Avant-propos méthodologique
Le travail de recherche à l’origine de cette communication est avant tout documentaire : ouvrages, articles de presse et sources médiatiques, tant roumaines que françaises. Parallèlement, une veille scientifique et événementielle constante, plusieurs visites de Rosia Montana et de multiples rencontres avec les acteurs impliqués dans les processus de défense écologique et de mise en patrimoine, m’ont permis d’enrichir ce travail et de l’actualiser.

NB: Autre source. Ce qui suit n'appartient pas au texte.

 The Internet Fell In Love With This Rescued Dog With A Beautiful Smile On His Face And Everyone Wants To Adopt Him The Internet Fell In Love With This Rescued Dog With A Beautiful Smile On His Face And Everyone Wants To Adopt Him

Une enclosure [1] de taille
En 1999, la compagnie Rosia Montana Gold Corporation (RMGC, dont 80% des actions sont détenues par l’entreprise minière canadienne Gabriel Ressources et 20% par l’Etat roumain) obtient la licence d’exploitation de l’or à ciel ouvert avec usage de cyanures sur les terres de la première localité attestée en Roumanie – Alburnus Maior, 131 apr. J.-C. – aujourd’hui commune pluriethnique, multi religieuse et paupérisée dont une partie de l’héritage bâti date du XVIIIe siècle. L’exploitation nécessiterait d’anéantir deux monuments naturels et d’aménager 363 ha d’étang de résidus toxiques à moins de 6 km d’une commune de 6 000 habitants située en contrebas, ainsi que la délocalisation des habitants du village et l’abandon des onze cimetières et sept églises, ce qui correspondrait à la plus grande menace écologique, sociale et mémorielle connue dans la Roumanie du IIIe millénaire.
L’Etat roumain invite, de 1999 à 2011, des chercheurs de l’Université Toulouse Le Mirail à étudier les 70 km de galeries (dont 3-4 km de galeries romaines et 4-5 km de galeries médiévales) pour décider de leur valeur.

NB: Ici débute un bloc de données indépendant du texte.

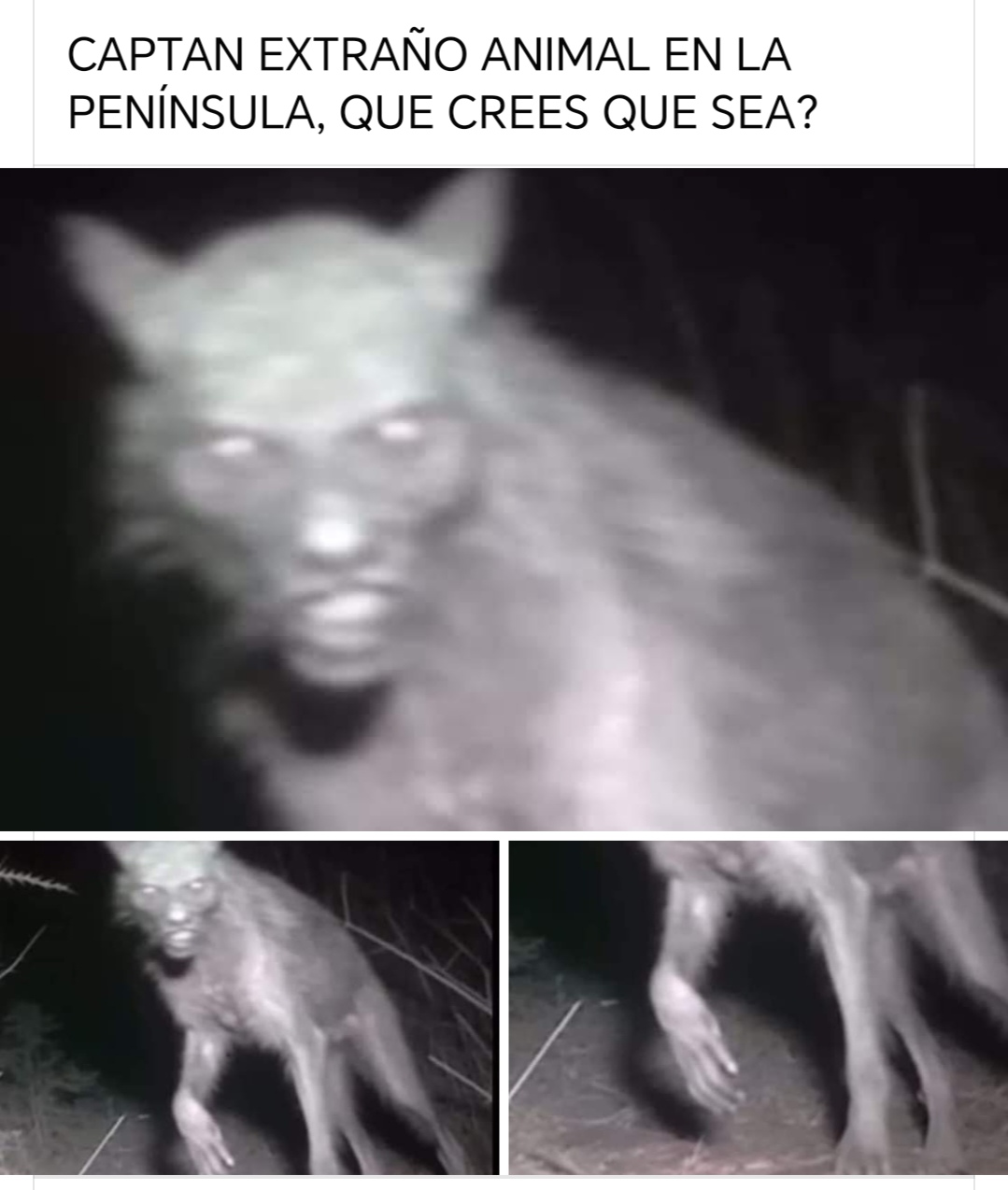 Animal extraño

Parallèlement, la RMGC ouvre une campagne agressive de médiatisation du projet, d’achat des maisons et d’expulsion des habitants, ainsi que de nuisance professionnelle aux opposants au projet. Dans ce sens, RMGC achète la grande partie des propriétés pour les laisser se dégrader [2], afin de pouvoir rendre la demande de déclassement légitime [3] (Barraud, 2015), pratique largement utilisée dans la Roumanie post-communiste et notamment à Bucarest.

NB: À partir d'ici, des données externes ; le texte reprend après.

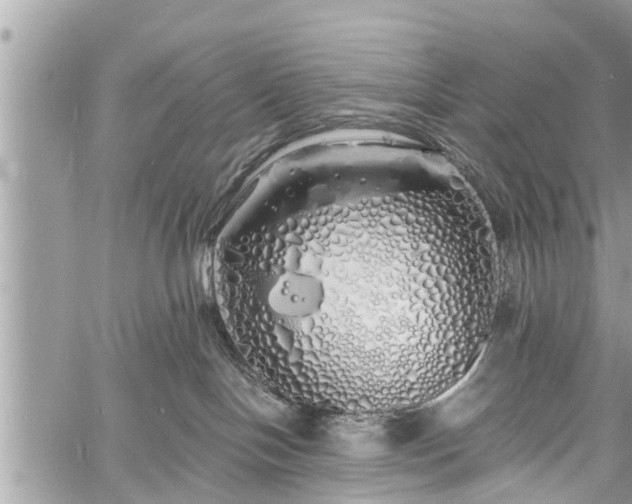 X0000060760094200511141242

En réponse à cette menace, l’association Alburnus Maior est créée en septembre 2000. Son opposition au projet se traduit par la mobilisation d’arguments sociaux, environnementaux, économiques, juridiques et plus tard, culturels.

Des avocats bénévoles se mobilisent et de 1999 à 2013, environ vingt avis favorables au projet minier sont rejetés en dernière instance. Des formes de soutien aux actions de l’association (expertise, communication, sensibilisation du grand public et des instances locales, nationales et supranationales) se cristallisent de 2000 à 2009. Elles rassemblent l’Eglise Orthodoxe Roumaine (plus de 80% des roumains sont orthodoxes, la plupart pratiquants) ; des figures majeures de l’intelligentsia roumaine dont l’expertise en matière de valeur archéologique, architecturale et paysagère n’est pas remise en cause [4] ; des figures internationales [5] ; mais aussi des figures du cinéma et du monde artistique [6], etc. Il faudrait ajouter à cela les actions individuelles ou de groupe [7] - ainsi que le soutien aux militants d’Alburnus Maior, manifesté massivement par la diaspora roumaine du monde entier, permettant la cristallisation des alliances ainsi qu’une évidente mise en visibilité du conflit d’intérêts.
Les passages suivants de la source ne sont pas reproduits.